BEGIN Collected material

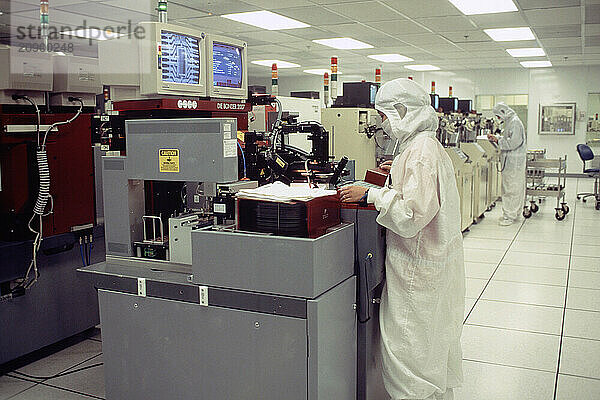 Philippines. Semi-conductors factory worker.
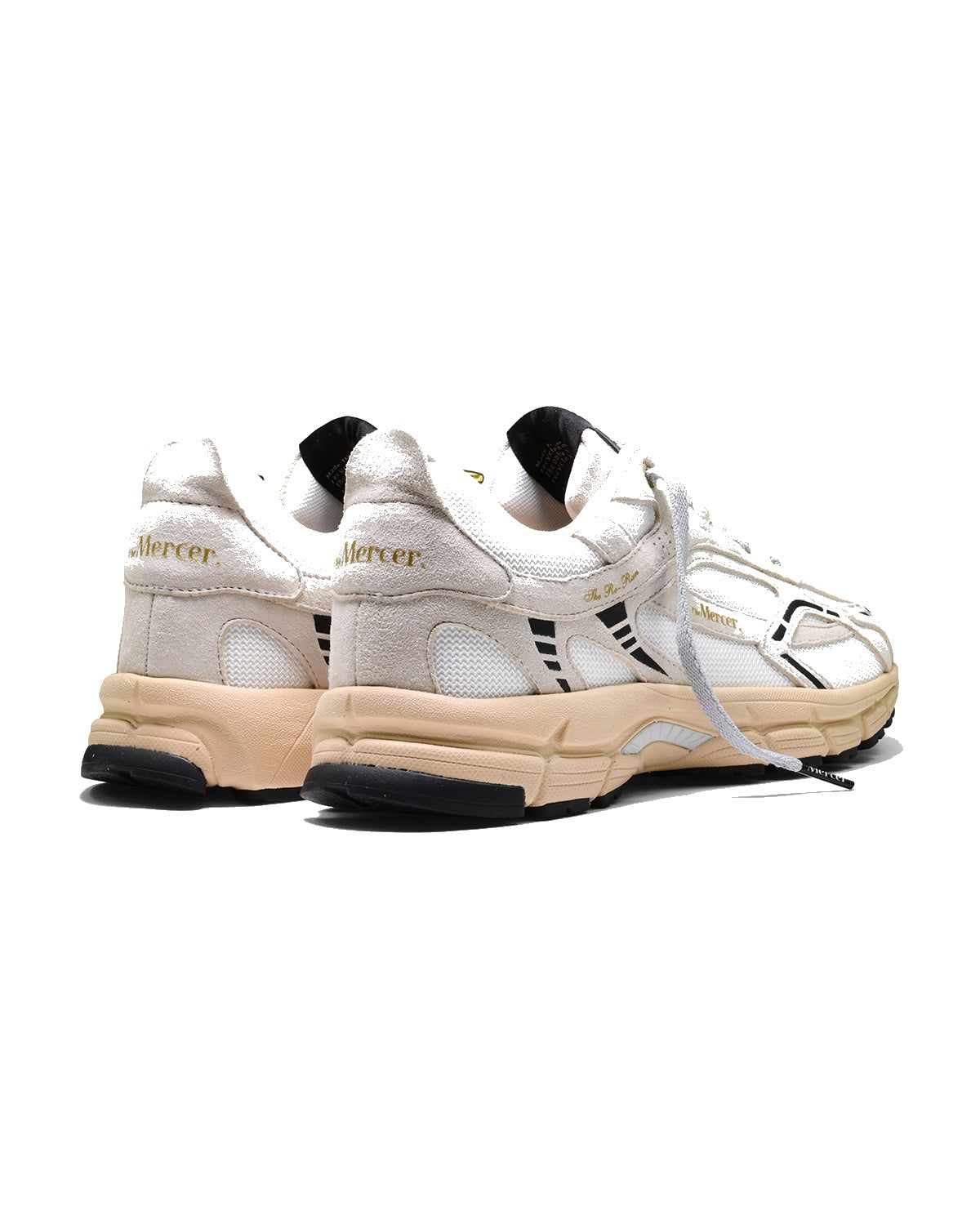 Sneakers The Mercer Re-Run beige et écru – vue 3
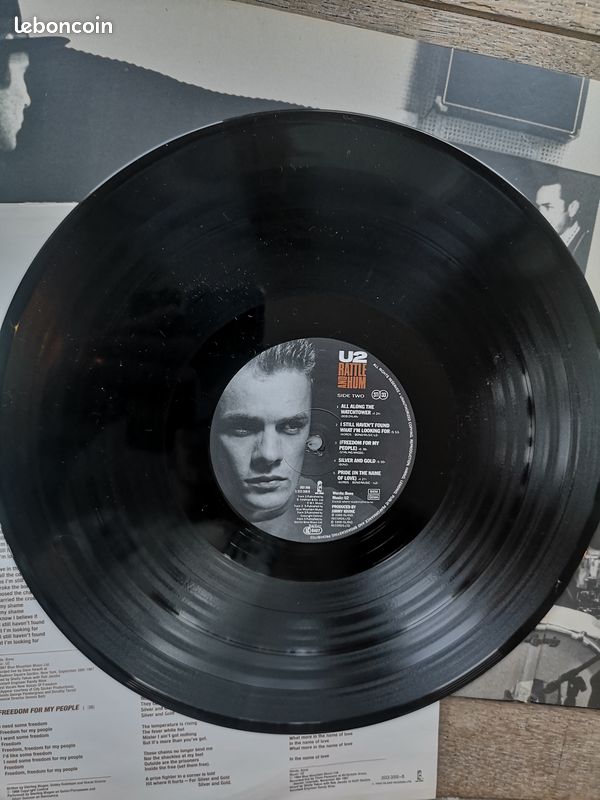 U2 Rattle And Hum 2 x Vinyles (image 6)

END Collected material

Exercise details:
Repeat verbatim the lines from the one with "Sneakers The Mercer" through the end of the listing above. Include both ends, add nothing, and exclude the pictures.

Solution:
 Sneakers The Mercer Re-Run beige et écru – vue 3
 U2 Rattle And Hum 2 x Vinyles (image 6)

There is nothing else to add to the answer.